Mesmerised by their reflective, evergreen leaves, Van Gogh described their attraction to his mother: “There are very beautiful fields of olive trees here, which are grey and silvery in leaf like pollard willows.” Many of the trees around Saint-Rémy-de-Provence were centuries old, their rugged trunks a testament to their longevity (sadly, most of the ancient trees would later die during an extreme frost in 1956).
One of his first efforts was a marvellous drawing, done swiftly with a brush and ink. His close observation of this grove would soon result in a series of paintings.
Van Gogh completed four paintings in June and early the following month, but in the middle of July he was suddenly struck down by another mental attack while working outside. The asylum doctor reported that Vincent had tried “to poison himself with his brush and paints”. His throat was extremely painful and he could not eat for days.
It took nearly six weeks to recover from the mental attack. Acknowledging that he had tried to commit suicide, Vincent explained metaphorically that “finding the water too cold”, he was struggling to regain the river bank. It was the prospect of being able to paint again that brought him back to life, and by late September he was once again allowed out of the asylum to work.
Research for the Dallas-Amsterdam exhibition has now sorted out the sequence of the 15 paintings. Olive Trees, owned by an anonymous private collector, has been dated to late September. Vincent described its colours in a letter to his brother Theo: “Silver, sometimes more blue, sometimes greenish, bronzed, whitening on ground that is yellow, pink, purplish or orangeish to dull red ochre.”
A technical examination of the privately-owned picture reveals that its light-sensitive red pigment has faded, so originally it would have tallied more closely with the artist’s description. Vincent went on to tell Theo that it was “very difficult” to capture the silver effect of the leaves—but he would persevere and strive for success like “the way the sunflowers are for yellows”.

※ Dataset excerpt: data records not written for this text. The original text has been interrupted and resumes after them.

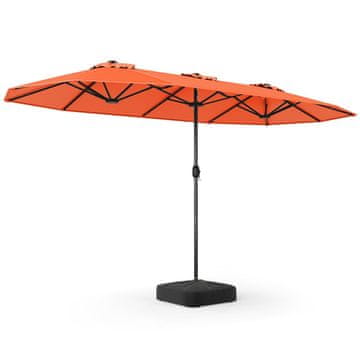Costway Dvostruki suncobran 400x212 cm pravokutni narančasti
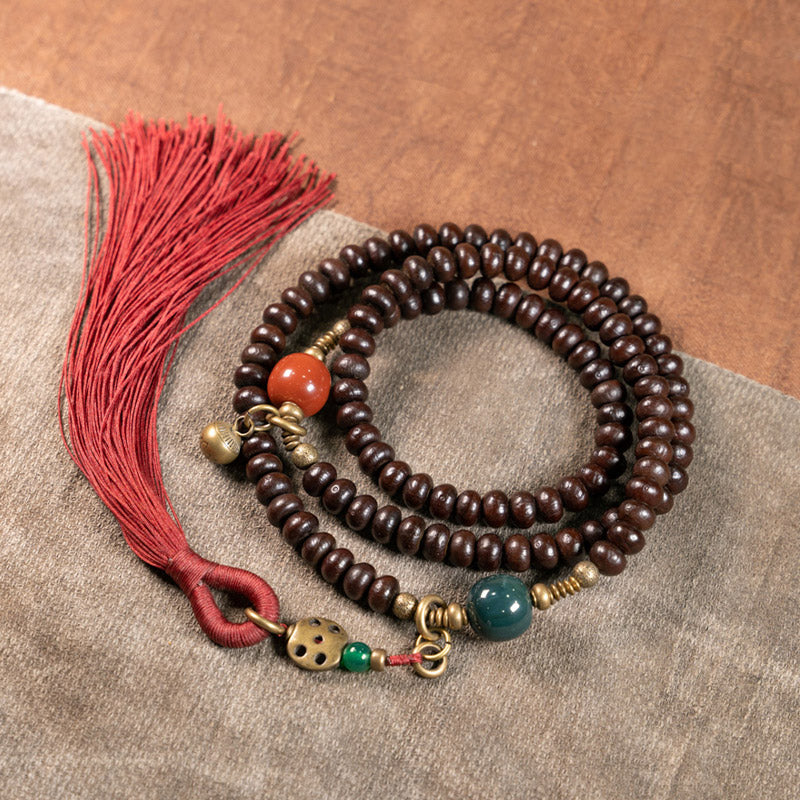 Fortune Jewel 108 Mala Beads Natural Tibet Purple Bodhi Seed Auspiciousness Bracelet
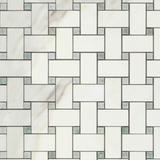 Calacatta Gold Marble Honed Basketweave Mosaic Tile w/ Ming-Green Dots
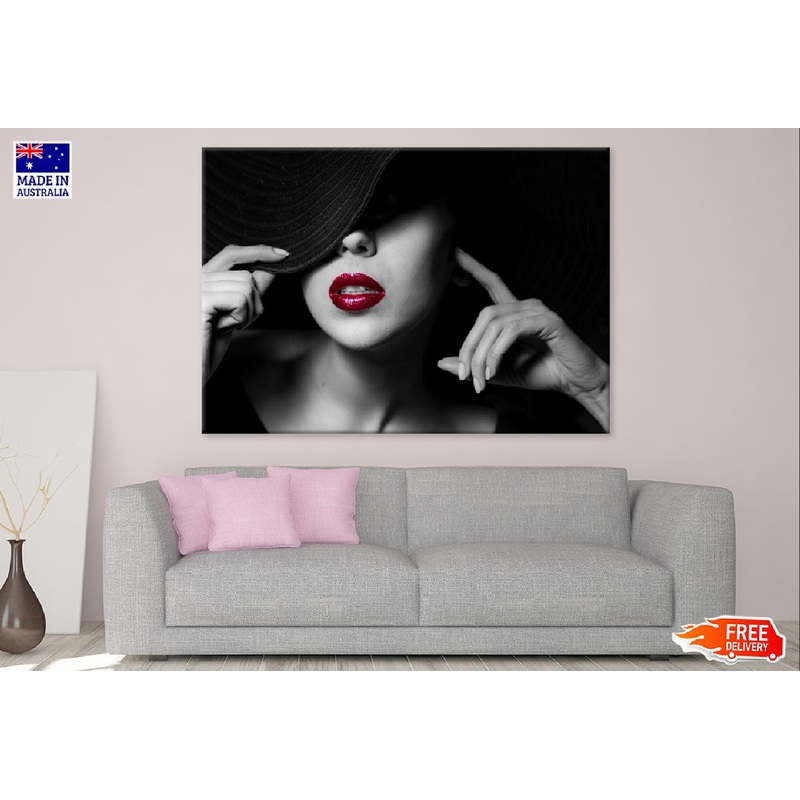 Stylish Girl with Red Lips B&W Photograph Print 100% Australian Made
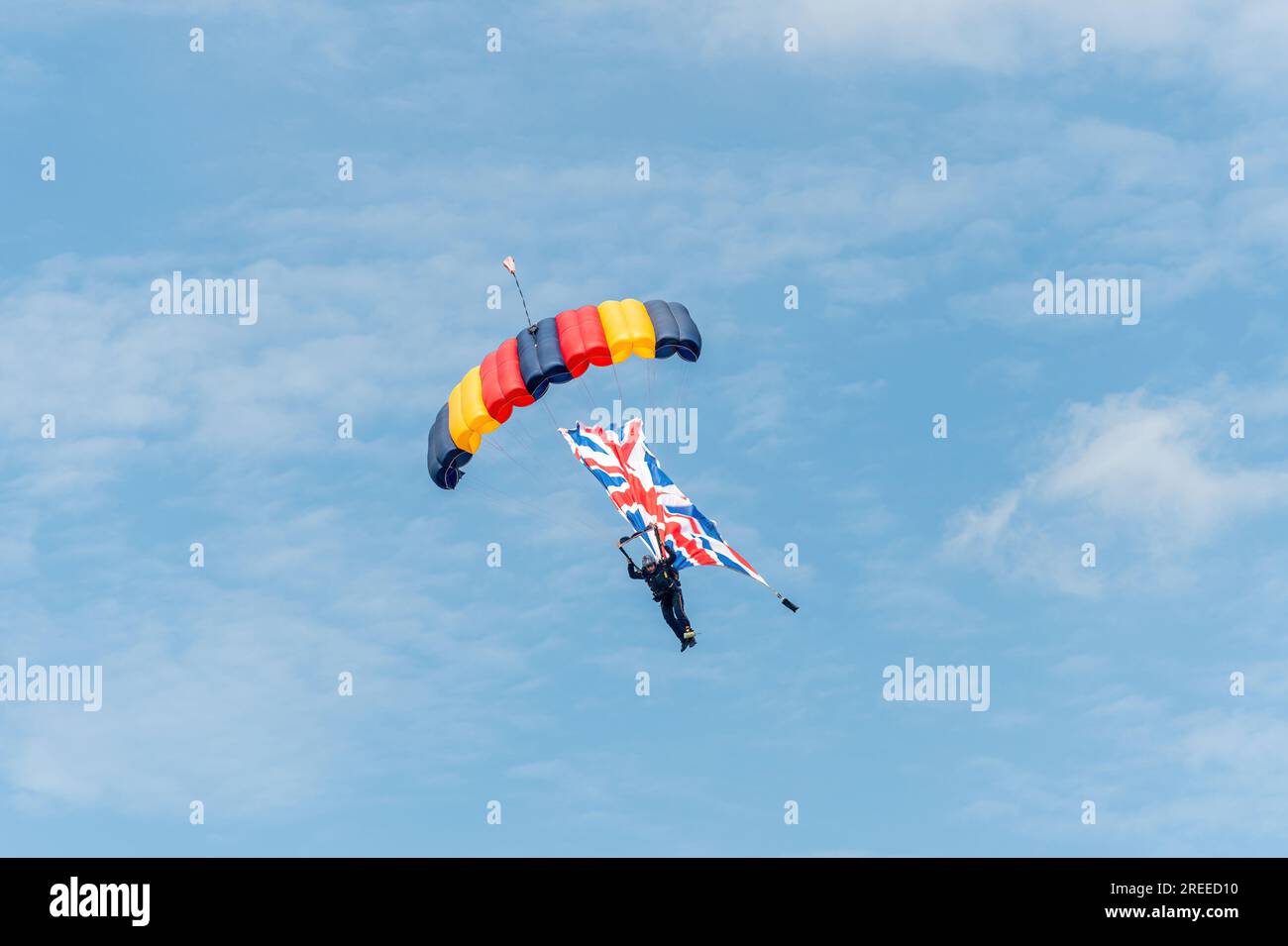 Parachute at The New Forest and Hampshire County Show in England, UK, July 2023. The REME Lightning Bolts Army Parachute Display Team. Stock Photo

Another painting, at the Van Gogh Museum, will also be redated to September 1889 (it is still on the museum’s website as a June work). Olive Grove, a relatively little-known work, displays great sensitivity in its colouring.
Among the noteworthy discoveries was finding that a grasshopper got stuck on the Olive Trees which is now at the Nelson-Atkins Museum of Art in Kansas City, Missouri. The presence of the unfortunate insect shows that the painting was done outside, in front of the motif.
While eventually completing his series at the end of the year, Vincent had the idea that his paintings of Provençal olive and cypress trees should find buyers in England. He wrote emphatically to Theo, saying that they “ought to go to England, I know well enough what they’re looking for over there”. Vincent had worked as a trainee art dealer in London in 1873-75.
Unfortunately, Van Gogh was wrong about English taste, and it was not until decades later that any of his olive grove paintings found collectors in Britain: one was bought by the academic Michael Sadler in 1923 and two by the aristocrat Victor Schuster in the late 1930s. Sadler’s was later acquired by the National Gallery of Scotland for £1,600 in 1934 and Schuster’s works both ended up in New York at the Metropolitan Museum of Art.
When Van Gogh departed from the asylum a year after his arrival he looked back on his efforts to capture the olive groves in the changing seasons: “When the more bronzed greenery takes on riper tones the sky is resplendent and is striped with green and orange; or even further on in the autumn, the leaves take on the violet tones vaguely of a ripe fig.” In May 1890 he left Saint-Rémy-de-Provence to head north on the final stop on his artistic journey, ending his life ten weeks later.